Thursday 30 December 2010

A painting is not a photograph

We can now capture moments of beauty with cameras that allow us to trap every detail in digital format. Why then attempt to paint beauty if a photograph will do? It's an argument that's essentially been around since the introduction of the camera and is probably more relevant today than ever before, because the quality of photographic imagery is so good. People can take and edit unbelievably good images these days.

For me the answer is that a painting is not a photograph and their superficial similarities are deceptive. Yes, both the painter and the photographer must decide on the composition of their image and make choices about lighting, etc., but there the similarity ends. What may be a great photo will often be an abject failure as a painting. This is not to say that as a painter one will not recognize potential paintings in photographs, because one does. It is just that a photograph can only ever be a starting point for a painting and never the final piece.
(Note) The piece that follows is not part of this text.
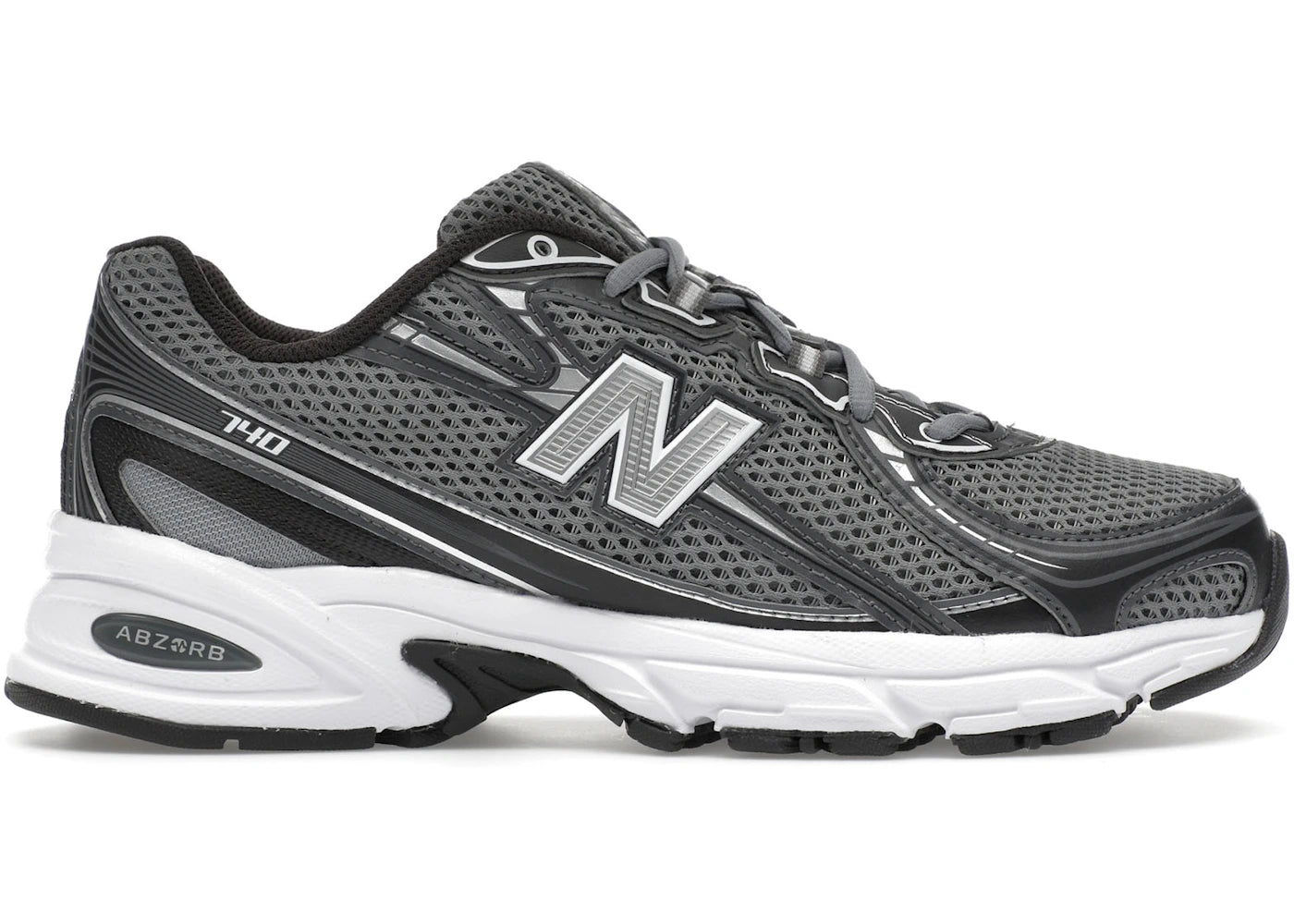New Balance 740 Gris Ardoise Noir Ciment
An interesting photo but not something that would make a good painting


A painting of the same horse


Much of my work focuses on horses in motion painted in great detail. Horses are a very complex subject with a difficult anatomy. Yet we all seem to have an almost instinctive understanding of how they should look and when an image is "not quite right". To paint a horse in motion requires the use of photography to truly understand their movements. Before the cinematography of Muybridge in the late 19th century, we had no real idea of how the legs of a horse moved at the faster gaits, and even the best painters of horses would paint them looking like rocking horses if they wanted to show them galloping. Yes, photographs are a huge bonus if you're trying to get it right, but they can also lie. They can flatten and distort causing muscle definition and even bones to seemingly disappear and they can foreshorten so that a head can appear to be growing straight out of a shoulder.
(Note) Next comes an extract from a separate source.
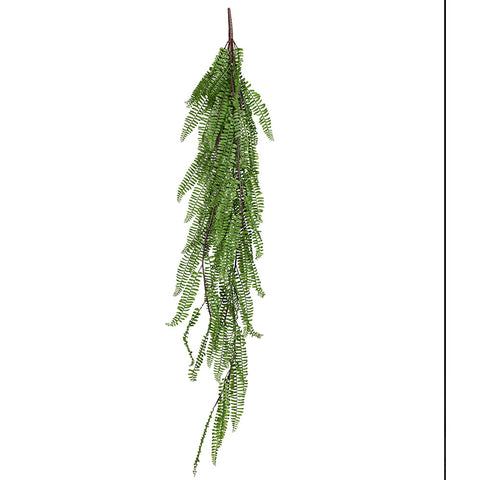 ARTIFICIAL HANGING FERN PLANT - نبات السرخس الاصطناعي المعلق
I take thousands of photos of horses in motion, yet I never paint any of them. I use my snapshots, together with my understanding of the horse, as a jumping of point for my work. I may use a particular image as the basis for my composition but there will be numerous other factors, including my memories, that play into the piece as I try to bring the horse to life on the canvas. It is why I have learned to insist that I must see and photograph my subject myself, because a painting is not a photograph and can never be.